:: Exercise data ::

---

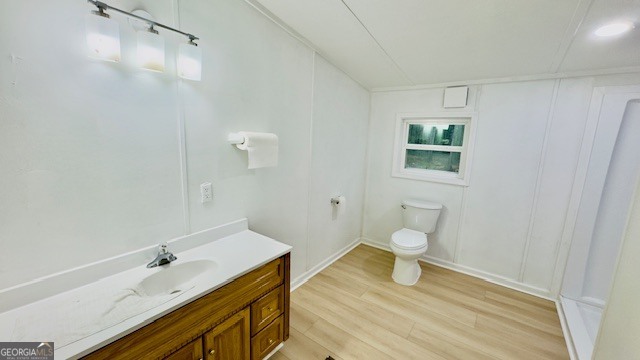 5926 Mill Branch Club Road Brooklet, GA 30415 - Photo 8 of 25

---

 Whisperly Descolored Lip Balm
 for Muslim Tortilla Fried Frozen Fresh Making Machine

---

Your task is to retype the entries verbatim, starting with the line that holds "Whisperly Descolored Lip Balm" and stopping after the line that holds "for Muslim Tortilla".

:: Reply ::
 Whisperly Descolored Lip Balm
 for Muslim Tortilla Fried Frozen Fresh Making Machine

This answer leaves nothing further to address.